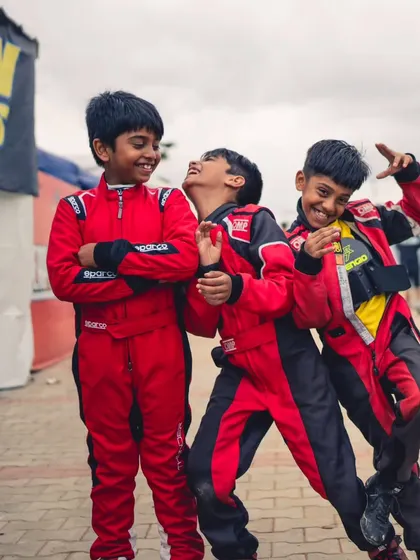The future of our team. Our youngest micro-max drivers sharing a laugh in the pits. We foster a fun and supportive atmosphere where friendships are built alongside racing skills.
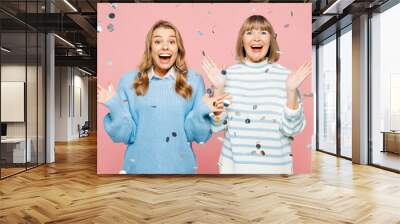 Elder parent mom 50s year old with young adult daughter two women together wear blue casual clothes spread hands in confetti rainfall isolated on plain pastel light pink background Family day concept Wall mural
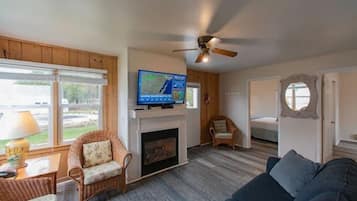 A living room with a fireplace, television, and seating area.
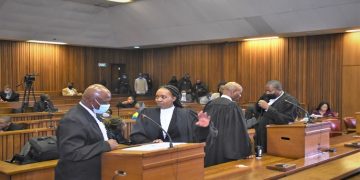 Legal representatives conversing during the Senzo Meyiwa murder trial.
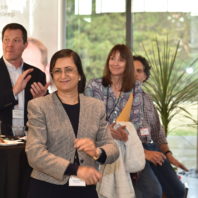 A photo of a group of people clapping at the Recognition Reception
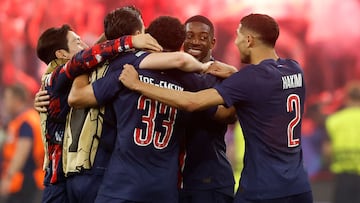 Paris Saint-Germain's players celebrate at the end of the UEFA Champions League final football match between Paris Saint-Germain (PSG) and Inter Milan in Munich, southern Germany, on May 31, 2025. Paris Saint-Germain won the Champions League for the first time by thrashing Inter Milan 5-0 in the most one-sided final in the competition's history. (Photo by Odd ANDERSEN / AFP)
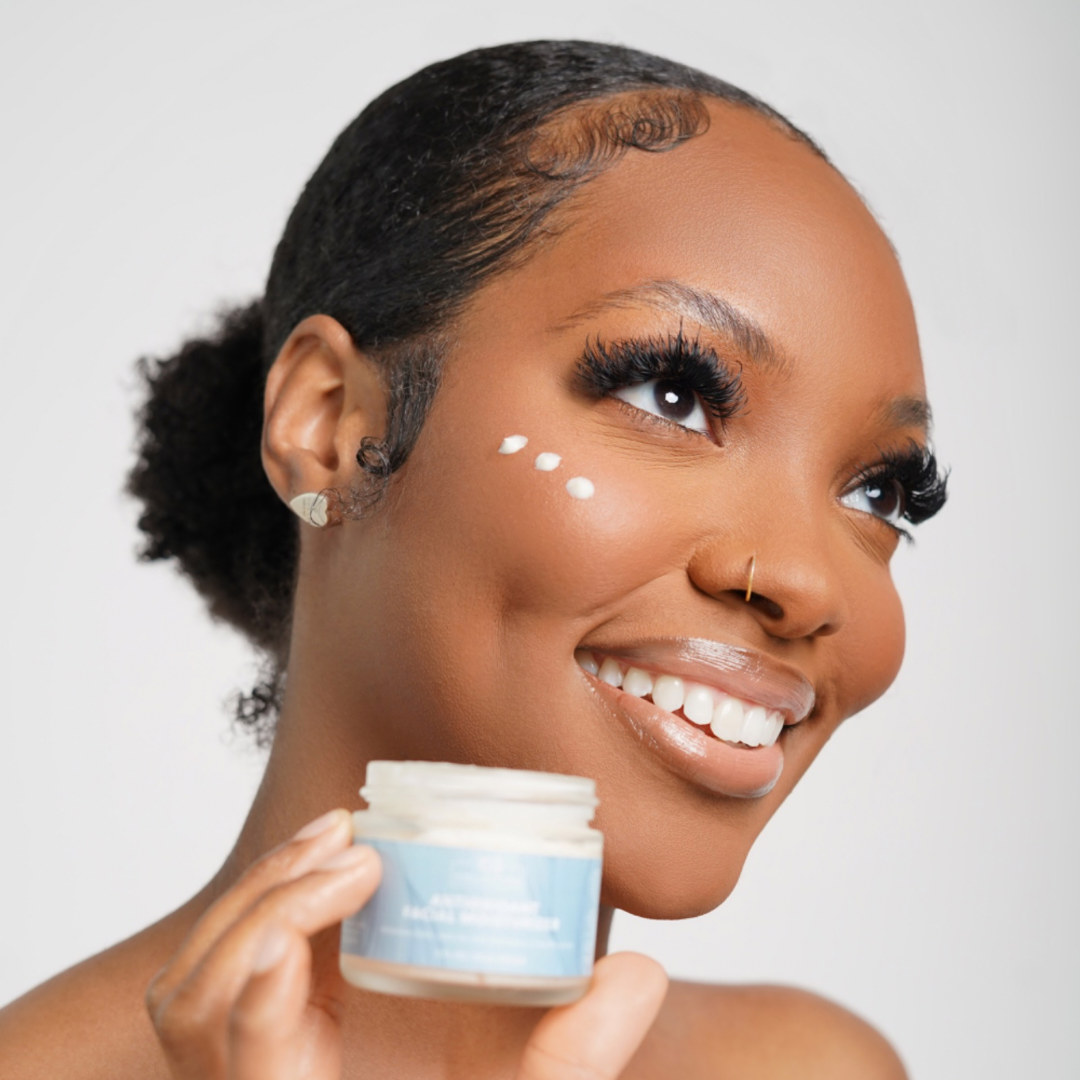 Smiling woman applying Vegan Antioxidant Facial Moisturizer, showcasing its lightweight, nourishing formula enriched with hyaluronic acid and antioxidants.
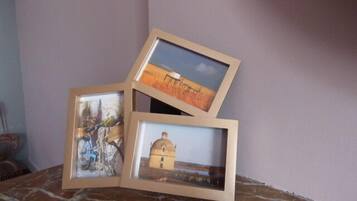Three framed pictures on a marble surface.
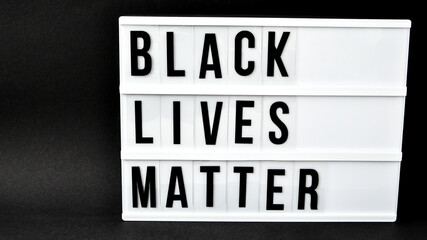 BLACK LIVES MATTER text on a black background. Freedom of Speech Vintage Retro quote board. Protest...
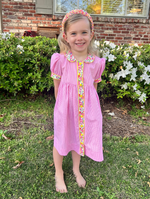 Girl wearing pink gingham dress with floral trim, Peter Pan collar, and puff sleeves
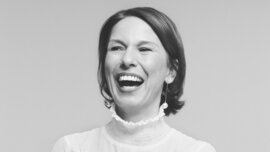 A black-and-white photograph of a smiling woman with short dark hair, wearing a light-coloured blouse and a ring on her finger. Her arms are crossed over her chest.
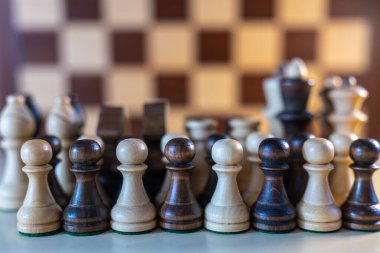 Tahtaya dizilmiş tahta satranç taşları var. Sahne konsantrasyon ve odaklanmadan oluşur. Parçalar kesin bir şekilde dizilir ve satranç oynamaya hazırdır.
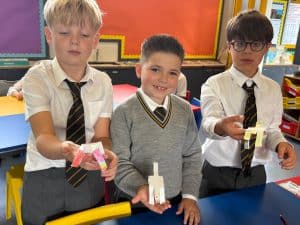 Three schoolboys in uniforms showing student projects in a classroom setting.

==

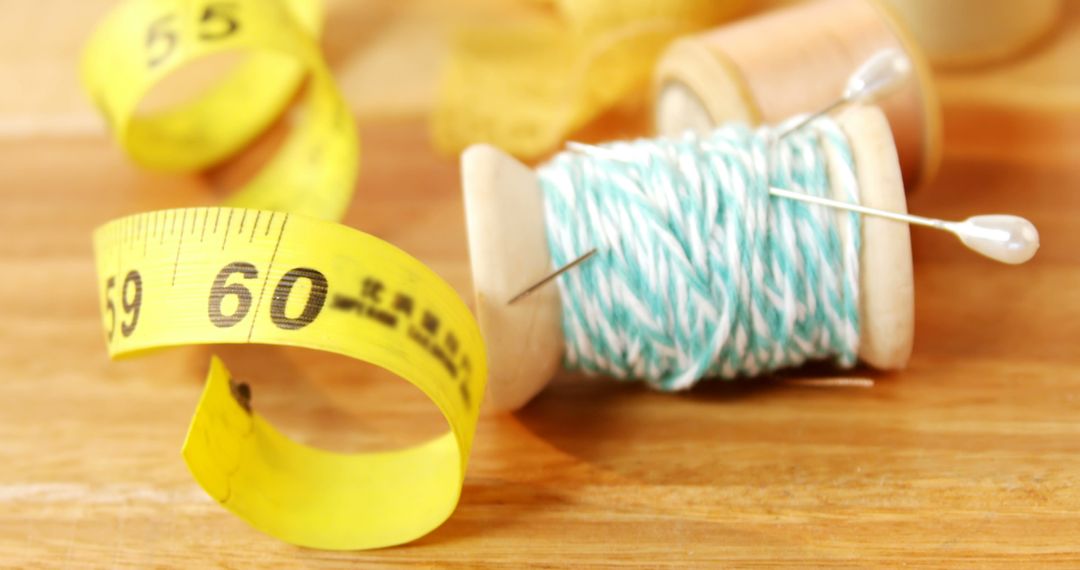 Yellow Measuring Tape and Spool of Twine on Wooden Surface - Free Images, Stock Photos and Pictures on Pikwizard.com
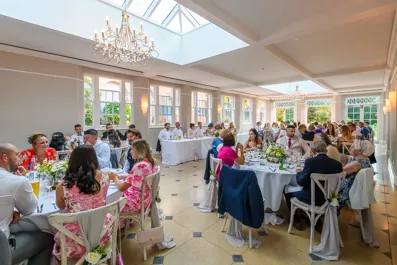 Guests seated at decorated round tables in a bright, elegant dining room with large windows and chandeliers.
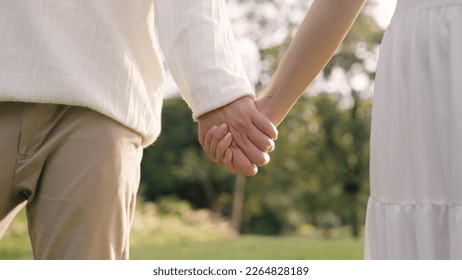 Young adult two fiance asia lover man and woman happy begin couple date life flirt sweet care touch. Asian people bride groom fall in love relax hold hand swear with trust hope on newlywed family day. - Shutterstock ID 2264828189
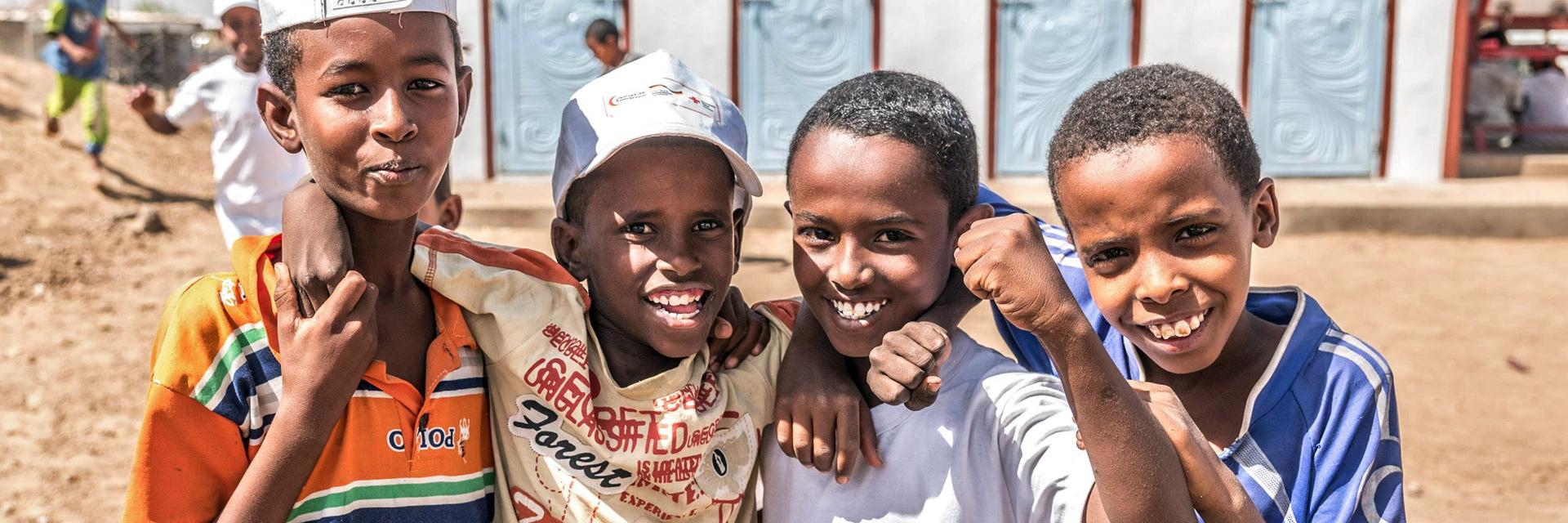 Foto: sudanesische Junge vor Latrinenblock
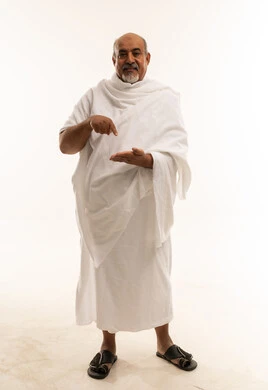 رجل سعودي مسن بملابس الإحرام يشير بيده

§ WHAT IS NEEDED: For this exercise, please set down exactly the lines of the listing above from the line with "The future of" up to and including the line with "Paris Saint-Germain's players", and no pictures.

§ RESPONSE TO THE TASK:
The future of our team. Our youngest micro-max drivers sharing a laugh in the pits. We foster a fun and supportive atmosphere where friendships are built alongside racing skills.
 Elder parent mom 50s year old with young adult daughter two women together wear blue casual clothes spread hands in confetti rainfall isolated on plain pastel light pink background Family day concept Wall mural
 A living room with a fireplace, television, and seating area.
 Legal representatives conversing during the Senzo Meyiwa murder trial.
 A photo of a group of people clapping at the Recognition Reception
 Paris Saint-Germain's players celebrate at the end of the UEFA Champions League final football match between Paris Saint-Germain (PSG) and Inter Milan in Munich, southern Germany, on May 31, 2025. Paris Saint-Germain won the Champions League for the first time by thrashing Inter Milan 5-0 in the most one-sided final in the competition's history. (Photo by Odd ANDERSEN / AFP)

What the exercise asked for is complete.